问题
I would like to grab satellite positions from the page(s) below, but I'm not sure if scraping is appropriate because the page appears to be updating itself every second using some internal code (it keeps updating after I disconnect from the internet). Background information can be found in my question at Space Stackexchange: A nicer way to download the positions of the Orbcomm-2 satellites.
I need a "snapshot" of four items simultaneously:
- UTC time
- latitude
- longitude
- altitude
Right now I use screen shots and manual typing. Since these values are being updated by the page - is conventional web-scraping going to work here?
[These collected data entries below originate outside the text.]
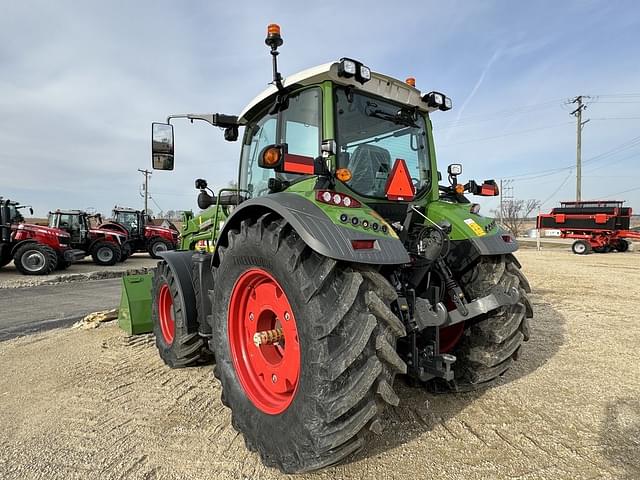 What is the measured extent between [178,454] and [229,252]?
119cm

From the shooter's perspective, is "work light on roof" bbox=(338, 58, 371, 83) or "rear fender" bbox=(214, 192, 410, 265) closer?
"rear fender" bbox=(214, 192, 410, 265)

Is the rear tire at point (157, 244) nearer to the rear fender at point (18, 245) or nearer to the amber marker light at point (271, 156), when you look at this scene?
the rear fender at point (18, 245)

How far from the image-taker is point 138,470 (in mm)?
2168

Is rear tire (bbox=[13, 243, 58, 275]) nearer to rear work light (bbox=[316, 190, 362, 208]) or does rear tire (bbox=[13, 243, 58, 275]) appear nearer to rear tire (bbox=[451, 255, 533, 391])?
rear work light (bbox=[316, 190, 362, 208])

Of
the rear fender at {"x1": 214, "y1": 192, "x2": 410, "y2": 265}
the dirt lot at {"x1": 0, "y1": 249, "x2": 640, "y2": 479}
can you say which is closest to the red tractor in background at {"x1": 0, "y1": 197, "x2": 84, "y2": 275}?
the dirt lot at {"x1": 0, "y1": 249, "x2": 640, "y2": 479}

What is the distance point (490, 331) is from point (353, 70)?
1859mm

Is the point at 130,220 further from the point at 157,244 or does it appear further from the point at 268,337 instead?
the point at 268,337

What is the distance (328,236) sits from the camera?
6.22ft

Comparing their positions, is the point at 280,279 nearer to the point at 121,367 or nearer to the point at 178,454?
the point at 178,454

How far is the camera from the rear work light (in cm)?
208

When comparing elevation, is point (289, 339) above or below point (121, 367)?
above

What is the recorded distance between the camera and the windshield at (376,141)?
2.66 meters

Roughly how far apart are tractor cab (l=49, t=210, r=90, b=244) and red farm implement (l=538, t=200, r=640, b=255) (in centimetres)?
2071

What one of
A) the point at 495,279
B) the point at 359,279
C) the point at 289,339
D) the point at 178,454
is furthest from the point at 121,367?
the point at 495,279
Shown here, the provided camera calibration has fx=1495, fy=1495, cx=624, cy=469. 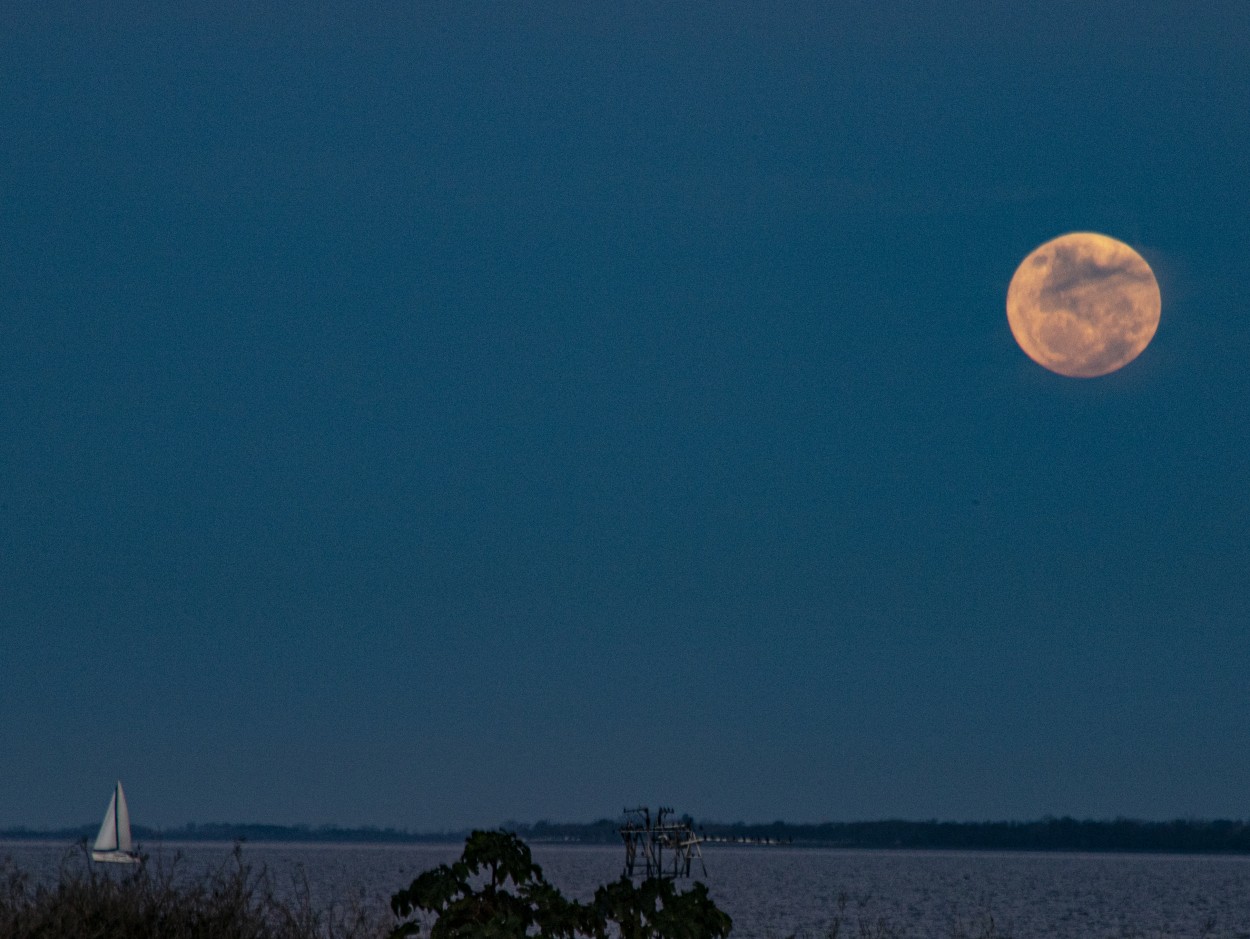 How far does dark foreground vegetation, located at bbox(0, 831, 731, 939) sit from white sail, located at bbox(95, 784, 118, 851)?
8975cm

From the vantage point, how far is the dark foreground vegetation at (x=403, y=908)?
876 centimetres

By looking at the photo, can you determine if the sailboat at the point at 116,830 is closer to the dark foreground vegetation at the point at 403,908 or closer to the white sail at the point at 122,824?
the white sail at the point at 122,824

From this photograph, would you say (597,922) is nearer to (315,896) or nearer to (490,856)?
(490,856)

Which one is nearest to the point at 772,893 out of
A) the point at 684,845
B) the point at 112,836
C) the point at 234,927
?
the point at 684,845

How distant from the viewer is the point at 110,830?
328ft

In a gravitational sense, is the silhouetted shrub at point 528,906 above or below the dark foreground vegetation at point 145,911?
above

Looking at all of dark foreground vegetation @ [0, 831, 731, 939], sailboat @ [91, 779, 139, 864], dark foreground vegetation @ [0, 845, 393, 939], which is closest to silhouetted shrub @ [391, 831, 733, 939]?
dark foreground vegetation @ [0, 831, 731, 939]

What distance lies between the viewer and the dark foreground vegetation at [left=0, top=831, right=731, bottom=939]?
8.76m

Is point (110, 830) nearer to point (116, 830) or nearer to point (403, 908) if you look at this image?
point (116, 830)

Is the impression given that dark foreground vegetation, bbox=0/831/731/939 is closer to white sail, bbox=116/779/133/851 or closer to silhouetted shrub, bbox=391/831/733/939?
silhouetted shrub, bbox=391/831/733/939

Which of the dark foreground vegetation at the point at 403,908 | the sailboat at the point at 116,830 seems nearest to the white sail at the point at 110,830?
the sailboat at the point at 116,830

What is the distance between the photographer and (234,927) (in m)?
13.8

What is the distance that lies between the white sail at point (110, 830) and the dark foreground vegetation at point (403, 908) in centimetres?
8975

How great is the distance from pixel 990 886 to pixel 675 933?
142m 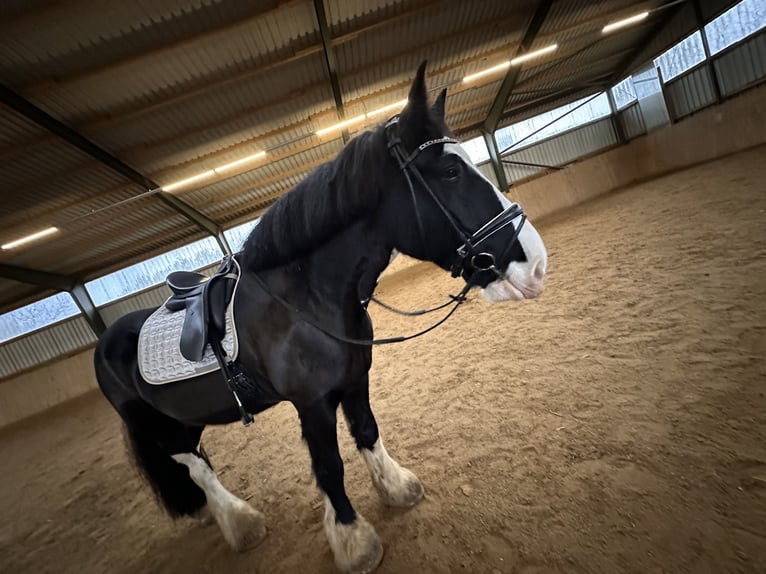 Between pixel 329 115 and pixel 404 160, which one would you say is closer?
pixel 404 160

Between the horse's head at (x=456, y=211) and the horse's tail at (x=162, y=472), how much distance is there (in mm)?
2275

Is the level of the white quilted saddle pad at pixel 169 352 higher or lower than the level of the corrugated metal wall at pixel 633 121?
lower

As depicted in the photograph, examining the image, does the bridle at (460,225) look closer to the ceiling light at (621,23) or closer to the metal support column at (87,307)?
the ceiling light at (621,23)

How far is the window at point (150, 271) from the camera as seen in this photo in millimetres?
13992

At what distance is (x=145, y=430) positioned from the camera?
2.45 metres

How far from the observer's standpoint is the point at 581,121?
16953mm

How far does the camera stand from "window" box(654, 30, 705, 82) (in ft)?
40.4

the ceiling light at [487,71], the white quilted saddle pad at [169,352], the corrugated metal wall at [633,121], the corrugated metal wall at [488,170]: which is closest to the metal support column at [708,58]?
the corrugated metal wall at [633,121]

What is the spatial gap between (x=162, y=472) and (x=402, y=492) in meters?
1.73

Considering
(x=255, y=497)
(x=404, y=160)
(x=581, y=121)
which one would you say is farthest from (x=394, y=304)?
(x=581, y=121)

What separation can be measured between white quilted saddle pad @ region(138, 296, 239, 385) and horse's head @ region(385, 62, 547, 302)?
3.55 ft

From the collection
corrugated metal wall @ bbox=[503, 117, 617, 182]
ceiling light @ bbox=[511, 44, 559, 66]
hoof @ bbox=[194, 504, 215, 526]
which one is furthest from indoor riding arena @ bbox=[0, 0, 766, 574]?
corrugated metal wall @ bbox=[503, 117, 617, 182]

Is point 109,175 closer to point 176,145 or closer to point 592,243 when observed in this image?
point 176,145

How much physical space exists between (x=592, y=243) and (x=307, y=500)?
6.81 m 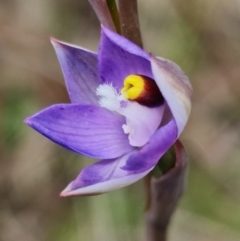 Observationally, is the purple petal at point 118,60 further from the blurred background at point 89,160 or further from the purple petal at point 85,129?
the blurred background at point 89,160

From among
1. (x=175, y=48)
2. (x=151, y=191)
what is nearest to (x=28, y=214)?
(x=175, y=48)

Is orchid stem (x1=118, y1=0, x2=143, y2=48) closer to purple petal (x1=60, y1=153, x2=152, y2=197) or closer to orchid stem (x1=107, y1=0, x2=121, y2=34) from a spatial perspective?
orchid stem (x1=107, y1=0, x2=121, y2=34)

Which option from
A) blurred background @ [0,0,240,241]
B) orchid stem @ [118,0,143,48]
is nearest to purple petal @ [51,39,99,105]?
orchid stem @ [118,0,143,48]

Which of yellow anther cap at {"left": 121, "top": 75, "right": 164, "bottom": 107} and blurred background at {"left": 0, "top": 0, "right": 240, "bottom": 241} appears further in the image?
blurred background at {"left": 0, "top": 0, "right": 240, "bottom": 241}

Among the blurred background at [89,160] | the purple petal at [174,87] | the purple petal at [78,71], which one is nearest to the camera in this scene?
the purple petal at [174,87]

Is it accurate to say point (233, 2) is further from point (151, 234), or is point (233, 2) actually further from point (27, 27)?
point (151, 234)

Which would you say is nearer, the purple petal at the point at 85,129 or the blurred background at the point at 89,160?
the purple petal at the point at 85,129

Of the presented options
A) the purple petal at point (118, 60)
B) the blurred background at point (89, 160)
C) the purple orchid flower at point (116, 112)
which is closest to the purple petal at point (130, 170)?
the purple orchid flower at point (116, 112)

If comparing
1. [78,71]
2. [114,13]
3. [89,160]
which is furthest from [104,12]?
[89,160] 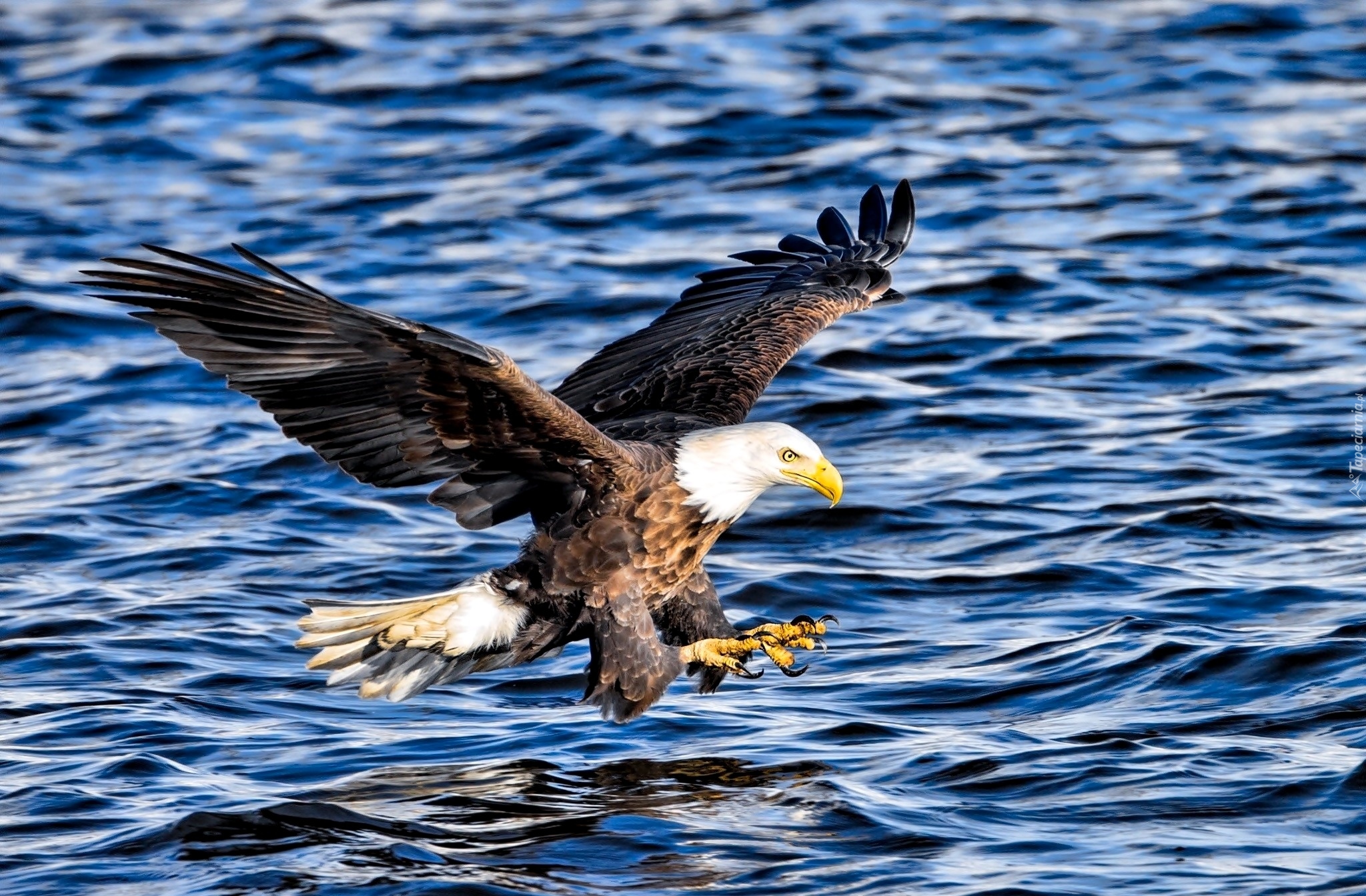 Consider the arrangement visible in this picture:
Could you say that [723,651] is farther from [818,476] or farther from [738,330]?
[738,330]

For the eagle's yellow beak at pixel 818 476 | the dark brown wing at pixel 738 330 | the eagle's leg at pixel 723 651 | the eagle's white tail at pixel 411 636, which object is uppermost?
the dark brown wing at pixel 738 330

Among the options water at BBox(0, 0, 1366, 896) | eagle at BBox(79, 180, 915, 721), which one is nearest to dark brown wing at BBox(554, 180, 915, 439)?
eagle at BBox(79, 180, 915, 721)

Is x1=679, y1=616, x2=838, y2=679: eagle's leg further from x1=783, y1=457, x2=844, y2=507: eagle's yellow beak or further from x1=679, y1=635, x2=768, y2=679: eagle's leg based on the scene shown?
x1=783, y1=457, x2=844, y2=507: eagle's yellow beak

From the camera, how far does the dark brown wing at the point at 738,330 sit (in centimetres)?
671

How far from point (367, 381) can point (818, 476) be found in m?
1.35

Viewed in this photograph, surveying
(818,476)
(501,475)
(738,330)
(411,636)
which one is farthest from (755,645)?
(738,330)

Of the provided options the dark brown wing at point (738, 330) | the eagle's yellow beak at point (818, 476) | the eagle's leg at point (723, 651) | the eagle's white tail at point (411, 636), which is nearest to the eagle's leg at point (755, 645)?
the eagle's leg at point (723, 651)

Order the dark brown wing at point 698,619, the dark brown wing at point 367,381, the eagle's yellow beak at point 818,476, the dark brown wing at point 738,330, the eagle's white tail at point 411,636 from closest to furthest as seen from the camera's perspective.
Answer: the dark brown wing at point 367,381 < the eagle's white tail at point 411,636 < the eagle's yellow beak at point 818,476 < the dark brown wing at point 698,619 < the dark brown wing at point 738,330

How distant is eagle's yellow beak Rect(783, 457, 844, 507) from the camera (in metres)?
5.85

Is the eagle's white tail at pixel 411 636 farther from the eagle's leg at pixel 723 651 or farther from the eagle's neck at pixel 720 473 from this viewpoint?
the eagle's neck at pixel 720 473

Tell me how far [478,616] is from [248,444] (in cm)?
349

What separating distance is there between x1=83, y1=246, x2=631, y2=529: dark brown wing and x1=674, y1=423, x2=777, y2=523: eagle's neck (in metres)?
0.21

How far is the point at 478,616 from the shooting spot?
5.83m

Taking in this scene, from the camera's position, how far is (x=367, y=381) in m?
5.44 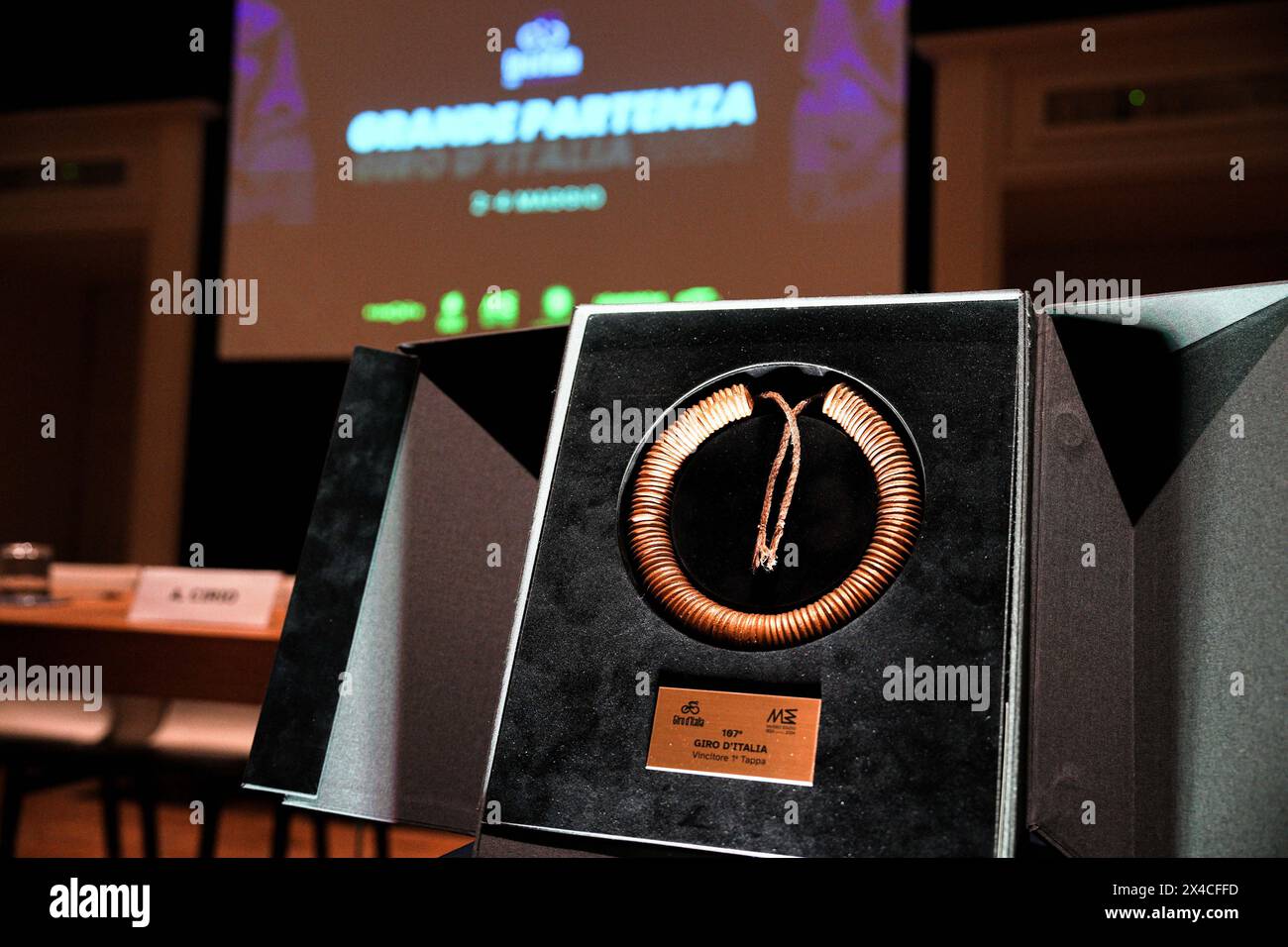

I found a "screen-scraping" tag, should I try to learn about that instead?
I'm looking for the simplest solution to get those four values, I wonder if I can just use urllib
or urllib2
and avoid installing something new?
example page: http://www.satview.org/?sat_id=41186U I need to do 41179U through 41189U (the eleven Orbcomm-2 satellites that SpaceX just put in orbit)
回答1:
One option would be to fire up a real browser and continuously poll the position in an endless loop:
import time
from selenium import webdriver
driver = webdriver.Firefox()
driver.get("http://www.satview.org/?sat_id=41186U")
while True:
location = driver.find_element_by_css_selector("#sat_latlon .texto_track2").text
latitude, longitude = location.split("\n")[:2]
print(latitude, longitude)
time.sleep(1)
Sample output:
(u'-16.57', u'66.63')
(u'-16.61', u'66.67')
...
Here we are using selenium and Firefox - there are multiple drivers for different browsers including headless, like PhantomJS.
回答2:
no need to scrape. Just look at the source html of that page and copy/paste the javascript code. None of the positions are fetched remotely...they're all calculated on the fly in the page. So just grab the code and run it yourself!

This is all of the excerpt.